• Information given

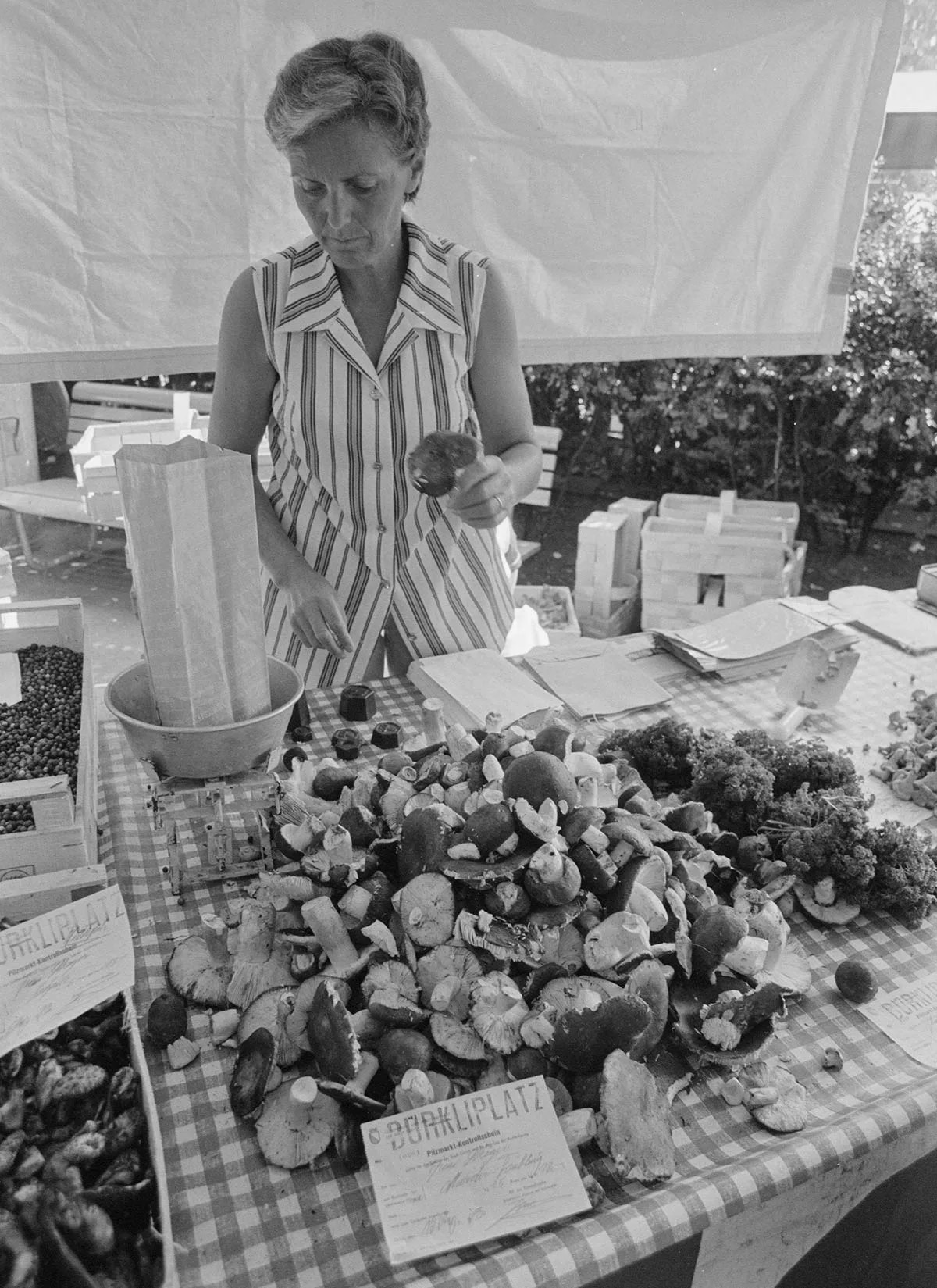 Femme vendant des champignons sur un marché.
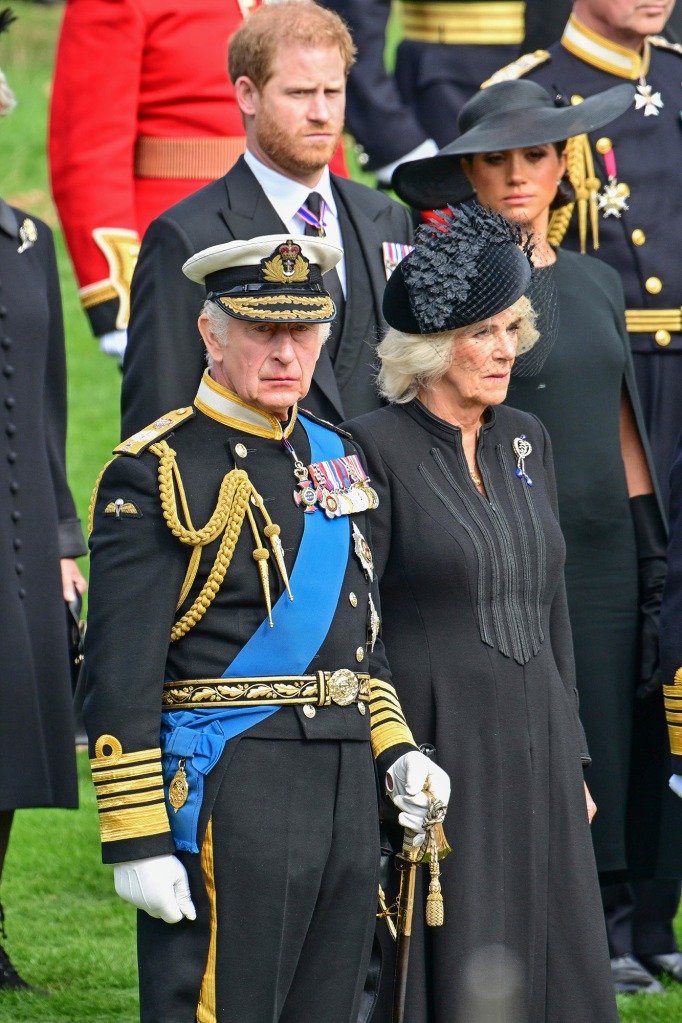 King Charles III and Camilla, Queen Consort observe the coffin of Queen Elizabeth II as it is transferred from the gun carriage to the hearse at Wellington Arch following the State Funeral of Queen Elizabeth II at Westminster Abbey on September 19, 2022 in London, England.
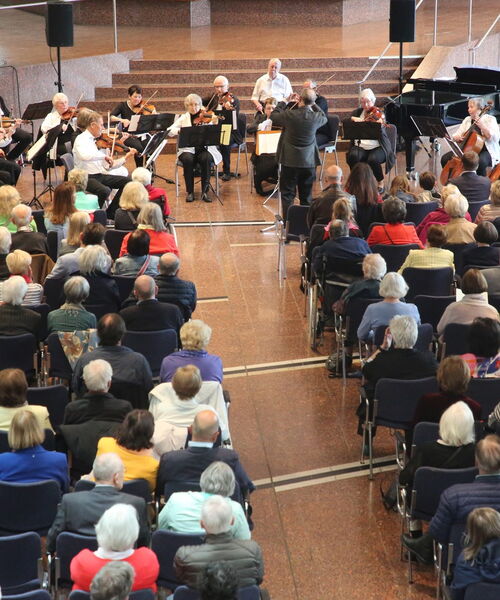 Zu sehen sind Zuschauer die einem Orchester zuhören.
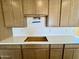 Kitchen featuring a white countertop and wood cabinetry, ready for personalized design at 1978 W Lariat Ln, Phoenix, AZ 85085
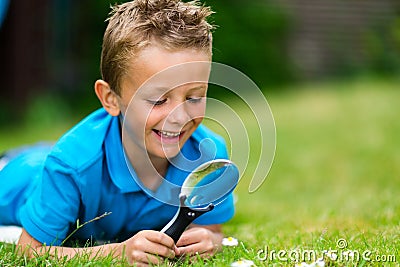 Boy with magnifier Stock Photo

• Try it
All lines from the one that contains "King Charles III" through the last line of the data should be retyped exactly, with the pictures left out.

• Result for this task
 King Charles III and Camilla, Queen Consort observe the coffin of Queen Elizabeth II as it is transferred from the gun carriage to the hearse at Wellington Arch following the State Funeral of Queen Elizabeth II at Westminster Abbey on September 19, 2022 in London, England.
 Zu sehen sind Zuschauer die einem Orchester zuhören.
 Kitchen featuring a white countertop and wood cabinetry, ready for personalized design at 1978 W Lariat Ln, Phoenix, AZ 85085
 Boy with magnifier Stock Photo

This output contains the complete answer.